* [Goal of the exercise]
Since pictures are not part of the copy, please output only the lines from the one with "BAKFlip G2 hard" through the end of the data below, exactly as written.

* [Source material]
::::::

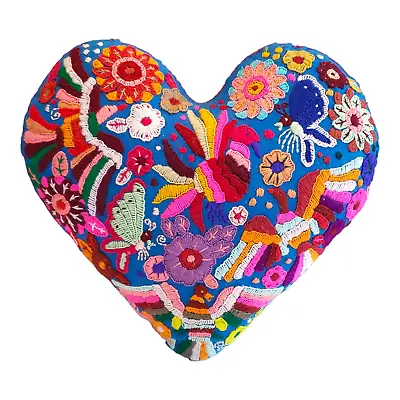 Valentine's Day Large Heart Felt Embroidered Pillow NEW Gift Otomi Mexican • $45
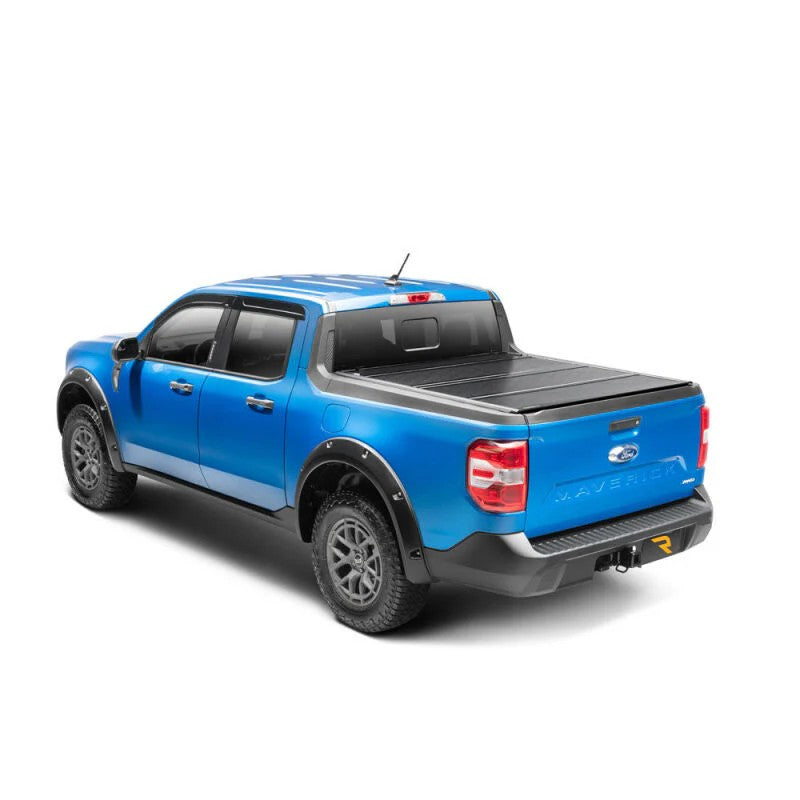 BAKFlip G2 hard folding truck bed cover in semi-gloss black on a 2022-2026 Ford Maverick with 4.5ft bed.
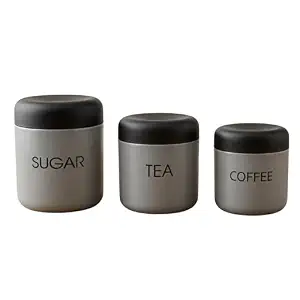 SS TCS three size Canisters, Grey and Black, Set of 3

::::::

* [Output of the exercise]
 BAKFlip G2 hard folding truck bed cover in semi-gloss black on a 2022-2026 Ford Maverick with 4.5ft bed.
 SS TCS three size Canisters, Grey and Black, Set of 3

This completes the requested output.